Facebook Twitter Linkedin
article | 17 Oct 2021
Introduction to Apache Cassandra
Przemysław Pala
ss

Apache Cassandra - A Perspective for Relational Developers

Let’s talk about an introduction to Cassandra! During this article, we're going to cover a few things. We'll show a little bit about relational databases, maybe some of the problems that you run into when you try to scale relational databases for high availability then we'll also cover some core concepts of how:

  • Cassandra works internally, 
  • Some of the dials that it gives you as a developer to control its fault tolerance and, this notion of high availability
  • The different distributions that you can choose from Cassandra's whether his open-source Apache Cassandra are right for you or should you maybe think about using DataStax Enterprise Distribution DSC when you employ Cassandra to production. 

Small database - Apache Cassandra DataStax

Enterprise distribution, is when you're deploying Cassandra to production? The first thing we're gonna point out is small data. Maybe you whip up a python script or something in ruby but at the end of the day, it generally means that it's a one-off and you don't need any concurrency, you're not sharing this with anybody - this is running on your laptop and it's okay like maybe the batch takes like 30 seconds if it's a big file but that's kind of what you're looking at with small data. 

 

Medium database - Apache Cassandra DataStax

We've talked about small data so let's talk about medium data now. Probably if you're a web application developer of some other kind, this is probably the typical data set that you're working with. This is data that fits on a single machine. You're probably using a relational database (RDBMS - Postgres, MySQL). You can support hundreds of concurrent users so you've got some concurrency going on now and the other kind of nice thing that we get when we're working with the relational database is these ACID guarantees. ACIDs stand for atomicity, consistency, isolation, and durability.

As a developer, we've been taught for many years how to develop on top of machines like this. When I go to put data into a relational database with these ACID guarantees, I can kind of feel warm and cuddly, and I kind of know exactly what's going to happen with my data when I put it in. The other thing to know about it is the way we try to scale these types first. It happens by scaling vertically so we buy more expensive hardware, like more memory or maybe a  bigger processor and this can get expensive quickly.  But it is not so true all the time, lots of new RDBMS can work in distributed database mode.

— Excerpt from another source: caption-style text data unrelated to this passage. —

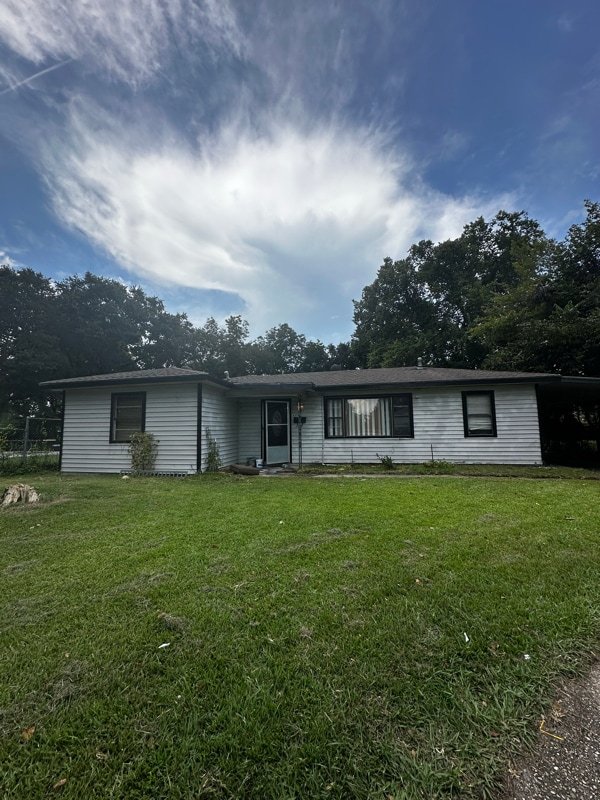 Building Photo - 6819 Spring Dr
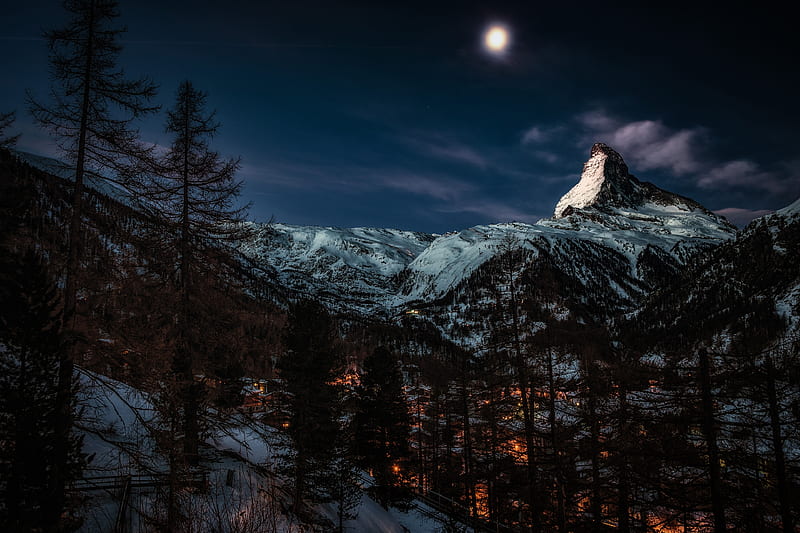 Moon at Pick of Winter Mountains, HD wallpaper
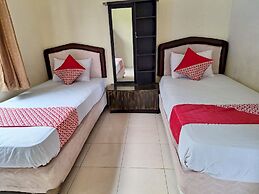OYO 93280 Villa Efita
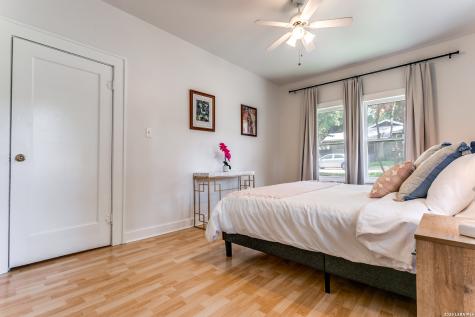 277 Post Avenue San Antonio TX 78215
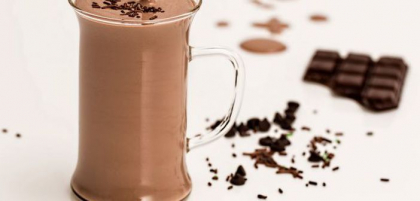 Bautura cu ciocolata care topeste kilogramele in plus! Sigur nu stiai ca ai voie sa consumi asa ceva cand esti la dieta Bautura cu ciocolata care topeste kilogramele in plus! Sigur nu stiai ca ai voie sa consumi asa ceva cand esti la dieta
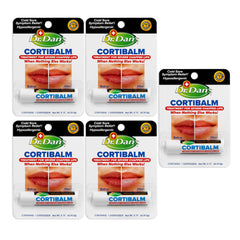 Boîte et étui du coffret Cortibalm 5 pièces pour lèvres sèches.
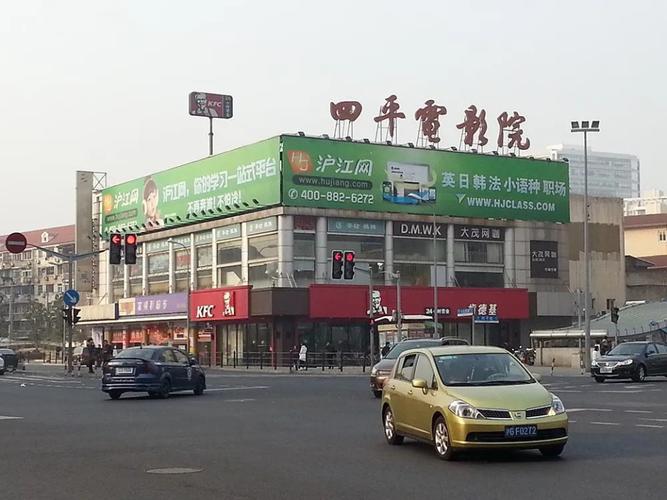 酒店人妻自拍的相关介绍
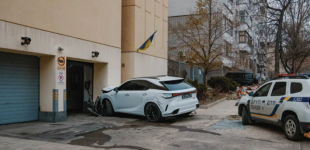 На вулиці Паторжинського у Дніпрі Lexus в’їхав у будинок: подробиці ДТП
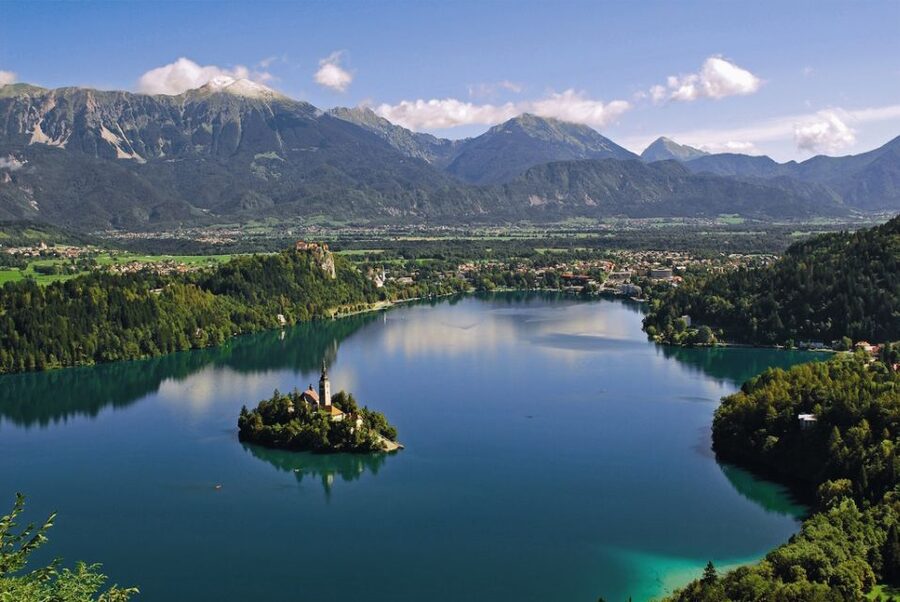 From Ljubljana: Trip to Lake Bled and Bled Castle - The essentials at a glance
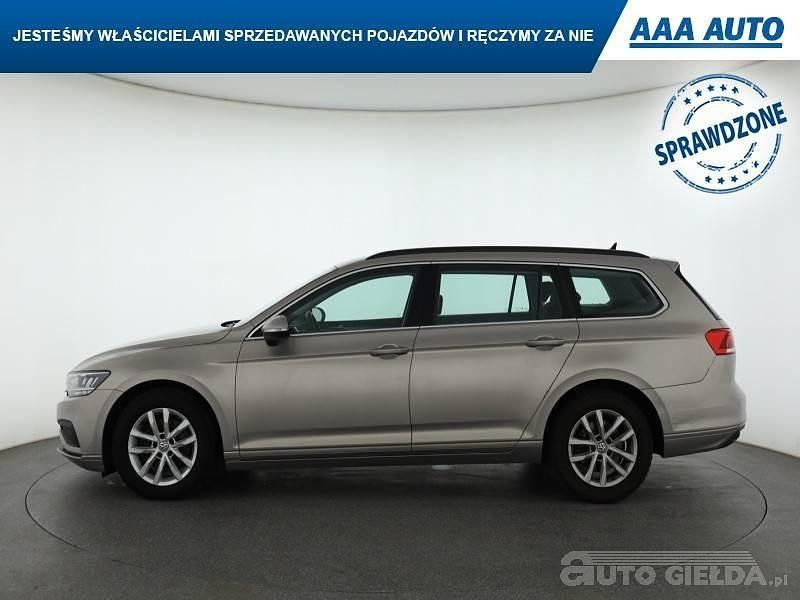 Używany VW Passat 2019 Beżowy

Can the relational database (RDBMS) work for big data?

The first thing that we find when we start to use a relational database to try and apply it to big data is that ACID is a lie, we're no longer enveloped in that cocoon of safety, which is animosity, consistency, isolation, and durability. Let's take our scenario: over here we have a single master and we have a client that's talking to that master and we have a read-heavy workload and what we do is we decide to add on replication. One of the things that are important to know about replication is that the data is replicated asynchronously and this is known as replication lag and so what happens is when the client decides to write to the master, it takes a little while to propagate over to the slave and if the client decides to do a read to the slave before the data has been replicated, it's going to get old data back and what we find is that we have lost our consistency completely in the scope of our Database.

That whole thing that we built, our entire application around that certainty that we had, that we were always going to get up-to-date data is completely gone. All the operations that we do are no longer in isolation. They're not atomic so we have to recode our entire app to take advantage or at least to accommodate the fact that we have replication and there is replication lag. Another thing that we run into when we start to deal with performance problems is relational databases. It is probably something most of us that have worked with relational databases see. These crazy queries with lots of joins, maybe it's being generated by an ORM behind the scenes. In fact, at a company I used to work for we had this problem where every day at one o'clock we have a lot of users try to log onto the system and nobody would be able to log in and when we went and looked at what was going on behind the scenes, it was some crazy queries like these with lots of joints essentially locking up the database behind the scenes. 


 

So queries like this can cause lots of problems. It's kind of one of the side effects of using the third normal form to do all of our data modelings and so what we try to do when we're dealing with queries like this that have unpredictable performance or poor performance. A lot of times we normalize so we'll create a table and that table is built specifically to answer that query so at the right time what we'll do is de-normalize. At the reading time, we can do a sort of a select star very simple query that doesn't have a lot of expensive joins in it and that means that now we've probably got duplicate copies of our data, and we kind of violated this sort of third normal form that we're used to using and that has been drilled into our heads as developers for a long time.


What is Sharding?

As we continue to scale our application the next thing that we're gonna have to do is implement Sharding.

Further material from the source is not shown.